As shown in fig. 1 to 3, the present embodiment provides an apparatus for supplying power to a railway cable acquisition and transmission unit, which includes a current transformer, a rectifying and voltage-stabilizing module, a control module, and a super capacitor; the current transformer is sleeved on the power supply cable, the output end of the current transformer is electrically connected with the input end of the rectification voltage stabilizing module, and the input end of the super capacitor is electrically connected with the output end of the rectification voltage stabilizing module; the output end of the super capacitor is electrically connected with the power supply end of the acquisition and transmission unit; the control module is connected in the super capacitor and the acquisition and transmission unit and is used for controlling the charging and discharging of the super capacitor; the current transformer adopts a bayonet current transformer, is directly sleeved on a power supply cable, senses the current (about 5A generally) in the cable, and outputs a small current on the secondary side of the current transformer, which is about 1mA approximately; the device can charge the super capacitor by utilizing the small current of the power supply cable through the induction of the current transformer, and then supplies power for the acquisition and transmission unit in a time-sharing manner.

In the device for supplying power to the railway cable acquisition and transmission unit of the embodiment, a circuit of the control module adopts a comparator IC2 and a switching tube Q1; the comparator IC2 is configured to: setting a first comparison voltage value for judging whether the super capacitor is fully charged or not, and setting a first comparison voltage value limited under discharge of the super capacitor; is further configured to: when the voltage value of the super capacitor is larger than the first comparison voltage value, controlling the switching tube to be conducted, and supplying power to the super capacitor; and when the voltage value of the super capacitor is smaller than the second comparison voltage value, the switching tube is controlled to be switched off, and the super capacitor is charged.

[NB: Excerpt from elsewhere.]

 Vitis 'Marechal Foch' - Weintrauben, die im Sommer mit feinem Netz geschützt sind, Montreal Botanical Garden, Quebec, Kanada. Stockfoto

In the device for supplying power to the railway cable acquisition and transmission unit of the embodiment, the output end of the rectifying and voltage-stabilizing module is also used for supplying power to the comparator IC 2.

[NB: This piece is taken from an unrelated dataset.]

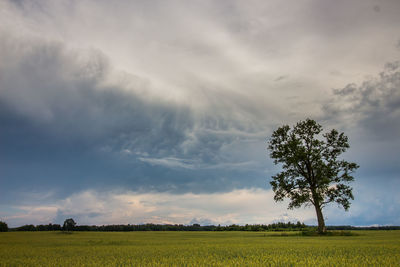 Scenic view of field against sky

In the device for supplying power to the railway cable acquisition and transmission unit of the embodiment, a circuit of a rectifying and voltage-stabilizing module adopts a rectifier bridge IC1, a voltage-stabilizing diode D1 and a filter capacitor EC 1; the input end of the rectifier bridge IC1 is electrically connected with the output end of the current transformer; the current output by the current transformer is converted into direct current voltage after being processed by a rectifier bridge IC1, the direct current voltage is stabilized by a voltage stabilizing diode D1, and then a stable direct current voltage signal is filtered and output by a filter wave capacitor EC1 and used for charging the super capacitor; the interface J1 is connected with the secondary side of the current transformer, and the output end of the interface J1 is connected with the input end of the rectifier bridge IC 1; and the circuit of the rectification voltage-stabilizing module is used for converting the secondary side current of the current transformer and transmitting the converted secondary side current to the circuit of the rectification voltage-stabilizing module to stabilize the voltage.

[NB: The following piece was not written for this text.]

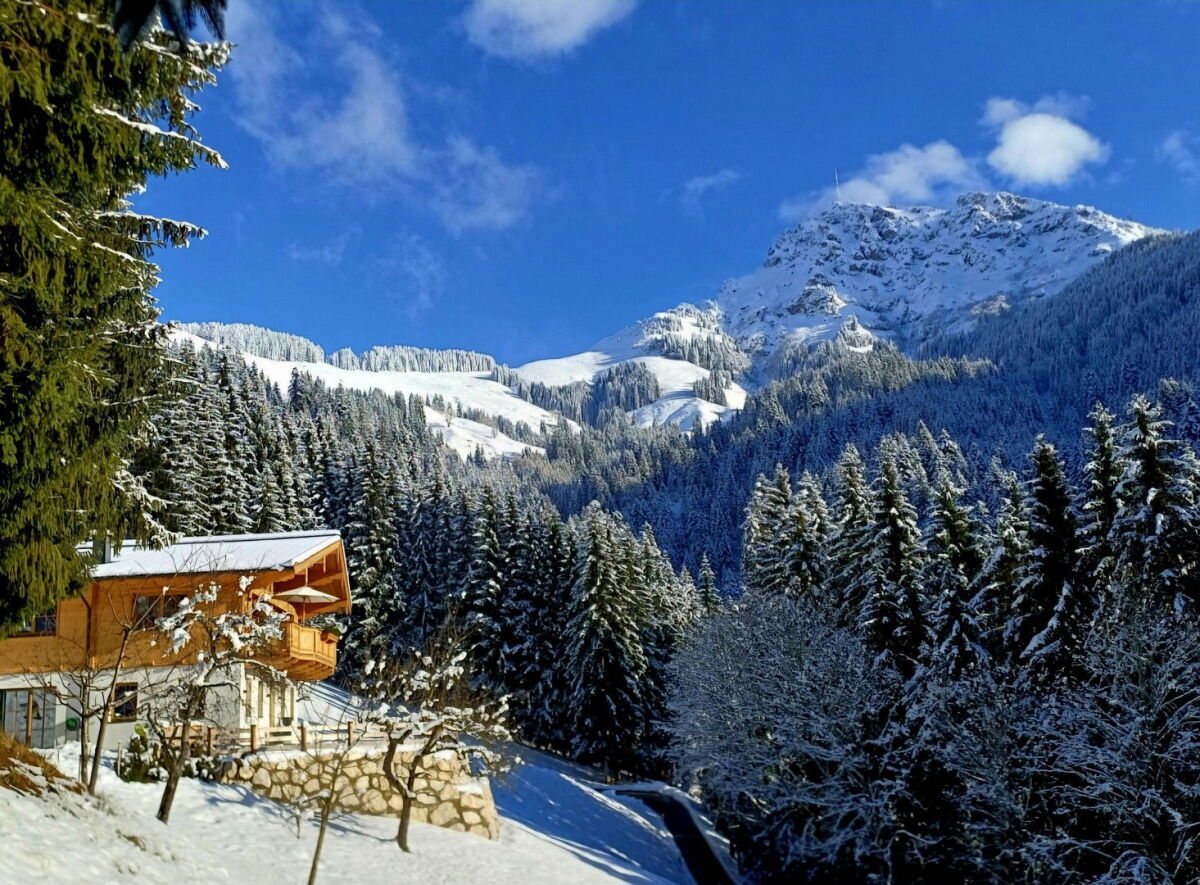 Ausblick Kitzbühler Horn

IN the apparatus for supplying power to the railway cable acquisition and transmission unit of the present embodiment, the comparator IC2 further has at least a non-inverting input terminal + IN, an inverting input terminal-IN, an output terminal OUT, and a reference voltage terminal REF; the circuit of the control module at least comprises a super capacitor interface CJDR, a first resistor R1, a second resistor R2, a third resistor R3, a fourth resistor R4, a fifth resistor R5, a capacitor C1 and an acquisition and transmission unit interface CJDY; the first end of the super capacitor interface CJDR is electrically connected with the first end of the acquisition and transmission unit interface CJDY; the second end of the super capacitor interface CJDR is grounded, and the second end of the acquisition transmission unit interface CJDY is connected with a pin D of a switch tube Q1; the S pin of the switching tube Q1 is grounded; a first end of the first resistor R1 is electrically connected with a first end of the super capacitor interface CJDR, a second end of the first resistor R1 is electrically connected with a first end of the fourth resistor R4, and a second end of the fourth resistor R4 is grounded; a first end of the second resistor R2 is electrically connected with a first end of the super capacitor interface CJDR, and a second end of the second resistor R2 is electrically connected with a first end of the third resistor R3; a second end of the third resistor R3 is electrically connected with a first end of the fourth resistor R4; a non-inverting input terminal + IN of the comparator IC2 is electrically connected to a first terminal of the fourth resistor R4, an inverting input terminal-IN of the comparator IC2 is electrically connected to a first terminal of the fifth resistor R5, a second terminal of the fifth resistor R5 is electrically connected to a reference voltage terminal REF of the comparator IC2, an output terminal OUT of the comparator IC2 is electrically connected to the G pin of the switching tube Q1 and the first terminal of the third resistor R3, the comparator IC2 is provided with a first comparison voltage value through voltage division of the first resistor R1 and the fourth resistor R4, and the comparator IC2 is provided with a second comparison voltage value through voltage division of the second resistor R2, the third resistor R3 and the fourth resistor R4.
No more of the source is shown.